2. If you haven’t created the pixi environment run pixi install on the command line:

pixi install

3. To register the environment (so VS Code can see it) run:

pixi run python -m ipykernel install --user --name=microsam_cellpose3 --display-name "Pixi (microsam_cellpose3)"

Note: After registering a new environment, you may need to restart VS Code for the environment to appear in the kernel selector.

4. Because microsam relies on cuda you may have to start vscode (or jupyter notebook) from a the pixi shell. Navigate to your pixi folder then type

pixi shell

then navigate to the tutorial folder and start vscode (or jupyter notebook).

code .

5. In VS Code, click the kernel selector (top right of notebook)

6. Choose “Select Another Kernel” → “Jupyter Kernel” → “Pixi (microsam)”

If the imports below work without errors, your pixi environment is properly configured!

import micro_sam
print("microsam version:", micro_sam.__version__)

import torch
import numpy as np

print("Torch version:", torch.__version__)
print("NumPy version:", np.__version__)

print("CUDA available:", torch.cuda.is_available())
if torch.cuda.is_available():
    print("GPU name:", torch.cuda.get_device_name(0))
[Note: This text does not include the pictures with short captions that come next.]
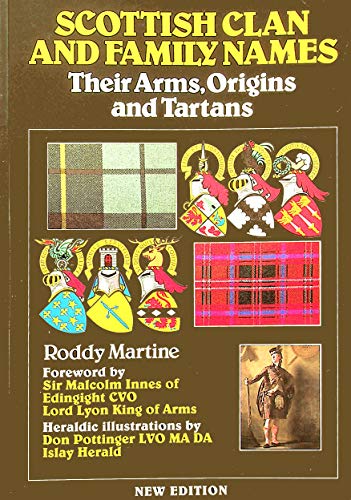 9781851584185: Scottish Clan and Family Names: Their Arms, Origins and Tartans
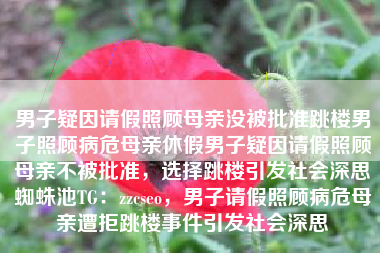 男子疑因请假照顾母亲没被批准跳楼男子照顾病危母亲休假男子疑因请假照顾母亲不被批准，选择跳楼引发社会深思蜘蛛池TG：zzcseo，男子请假照顾病危母亲遭拒跳楼事件引发社会深思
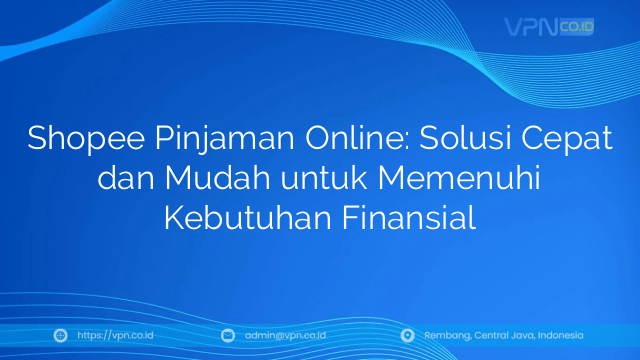 Shopee Pinjaman Online: Solusi Cepat dan Mudah untuk Memenuhi Kebutuhan Finansial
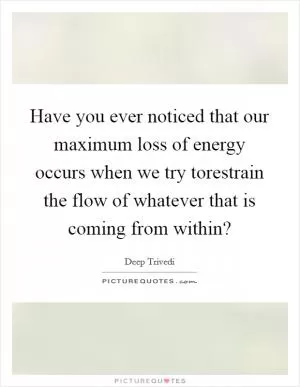 Have you ever noticed that our maximum loss of energy occurs when we try torestrain the flow of whatever that is coming from within? Picture Quote #1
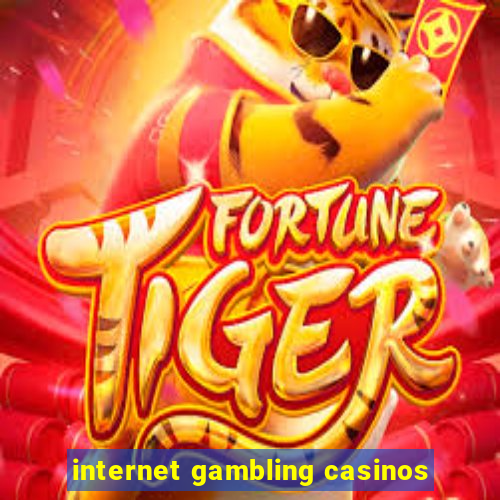 internet gambling casinos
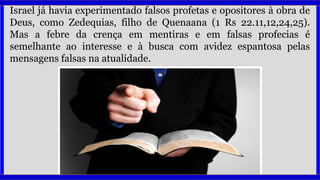Israel já havia experimentado falsos profetas e opositores à obra de
Deus, como Zedequias, filho de Quenaana (1 Rs 22.11,12,24,25).
Mas a febre da crença em mentiras e em falsas profecias é
semelhante ao interesse e à busca com avidez espantosa pelas
mensagens falsas na atualidade.
 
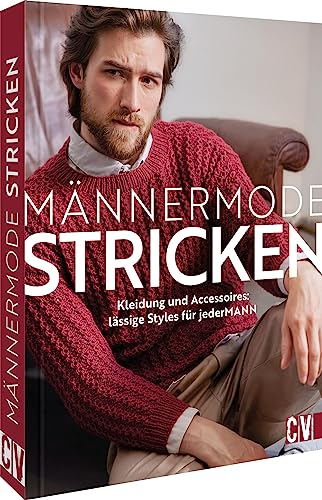Strickbuch – Männermode stricken: Strickanleitungen für Herren. Kleidung und Accessoires. Lässige Styles für jederMANN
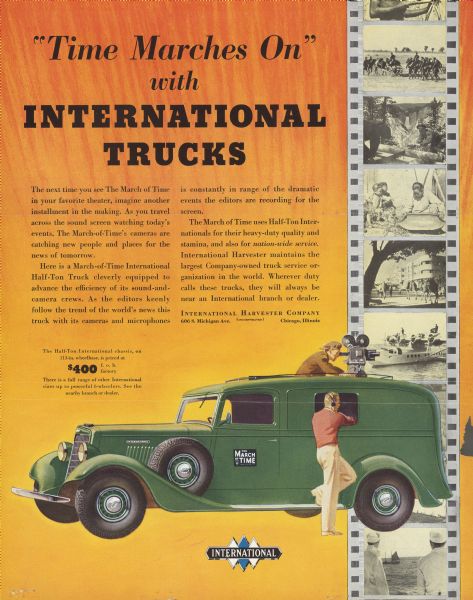 Advertising proof. Headline reads: "'Time Marches On' with International Trucks." There is an illustration of two men using a movie camera to film from an International truck. On the right is a film strip with a variety of images. At the bottom is the triple diamond logo. 

The March of Time was a series of short American documentary films sponsored by Time Inc. These short films were shown in movie theaters from 1935 to 1951. 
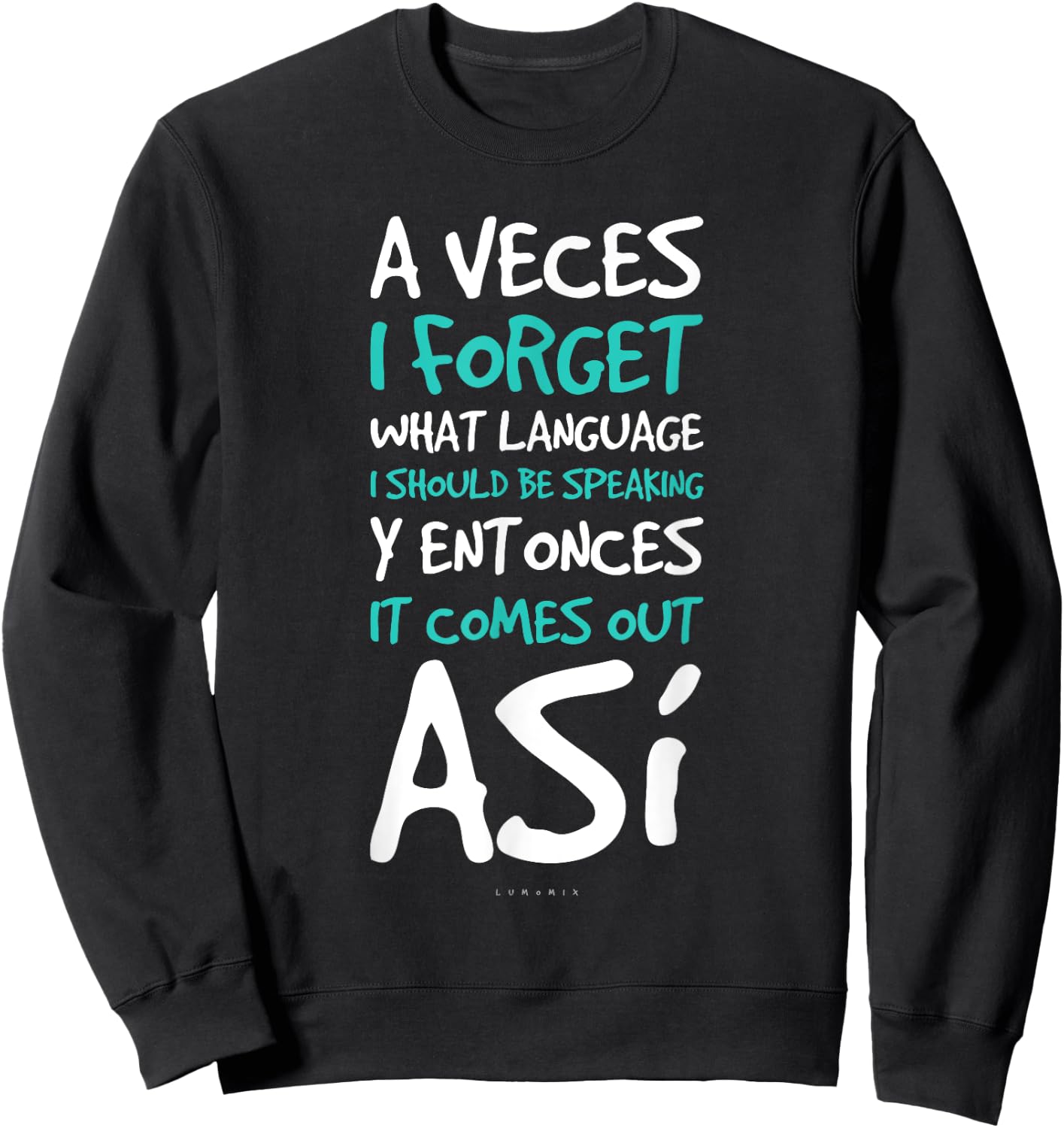 A Veces I Forget What Language Shirts - Funny Spanish Gift Sweatshirt - Sweatshirt | Black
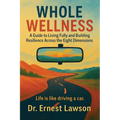 Whole Wellness: A Guide to Living Fully and Building Resilience Across the Eight Dimensions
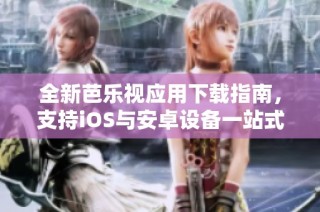 全新芭乐视应用下载指南，支持iOS与安卓设备一站式体验
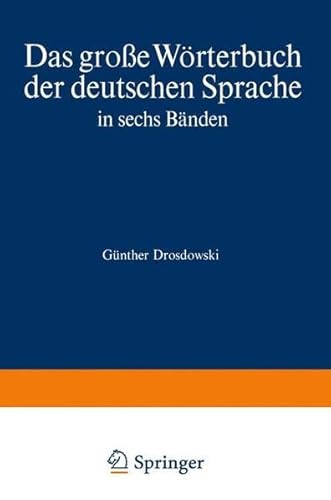 Beispielbild fr (Duden) Das groe Wrterbuch der deutschen Sprache, 6 Bde., Bd.3, G-Kal (Duden Worterbuch, G-Kal) zum Verkauf von medimops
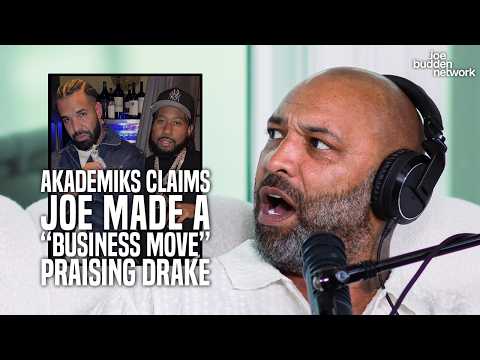 Akademiks Claims Joe Made a “Business Move” for Praising Drake Albums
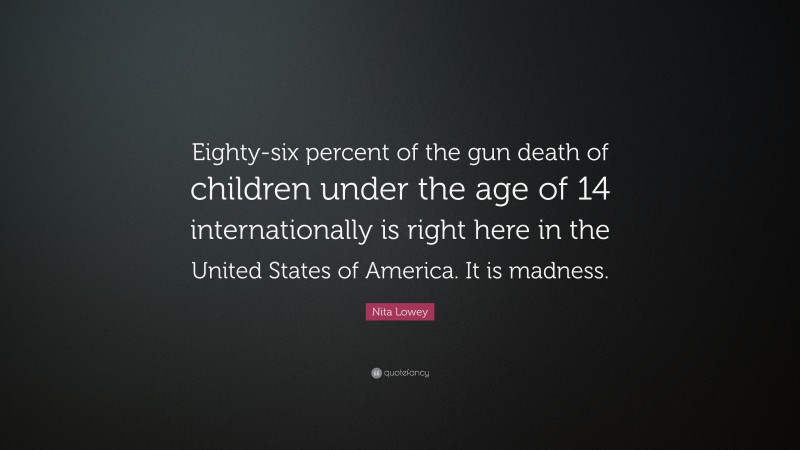 Nita Lowey Quote: “Eighty-six percent of the gun death of children under the age of 14 internationally is right here in the United States of America. It is madness.”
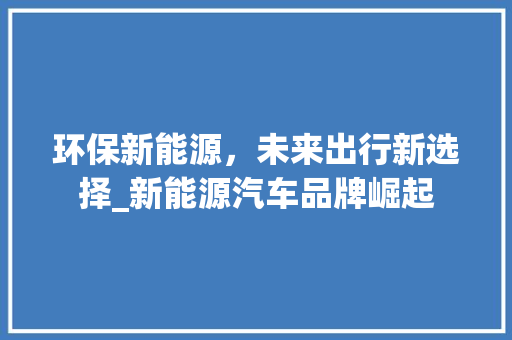 环保新能源，未来出行新选择_新能源汽车品牌崛起 智能驾驶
print("cuDNN available:", torch.backends.cudnn.is_available())
print("cuDNN version:", torch.backends.cudnn.version())

microsam version: 1.6.2
Torch version: 2.8.0
NumPy version: 2.3.5
CUDA available: True
GPU name: NVIDIA GeForce RTX 3090
cuDNN available: True
cuDNN version: 91002
Torch version: 2.8.0
NumPy version: 2.3.5
CUDA available: True
GPU name: NVIDIA GeForce RTX 3090
cuDNN available: True
cuDNN version: 91002

Other imports

Now import microsam, matplotlib, and tnia plotting helpers.

from micro_sam.automatic_segmentation import get_predictor_and_segmenter, automatic_instance_segmentation
from skimage.io import imread
import matplotlib.pyplot as plt
# Import visualization helper
from tnia.plotting.plt_helper import mask_overlay

Get microsam predictor and segmenter

tile_shape = None #(384, 384)
halo = (64, 64)
model_type = "vit_b_lm"

device = "cuda" if torch.cuda.is_available() else "cpu" # the device/GPU used for training
# Step 1: Get the 'predictor' and 'segmenter' to perform automatic instance segmentation.
predictor, segmenter = get_predictor_and_segmenter(
    model_type=model_type, # choice of the Segment Anything model
    #checkpoint=best_checkpoint,  # overwrite to pass your own finetuned model.
    device=device,  # the device to run the model inference.
    is_tiled = False #(tile_shape is not None),  # whether the model is tiled or not.
)

Open test images

image_path = r"..\..\data\SOTA_segmentation\cell_00068.bmp"
label_path = r"..\..\data\SOTA_segmentation\cell_00068_label.tiff"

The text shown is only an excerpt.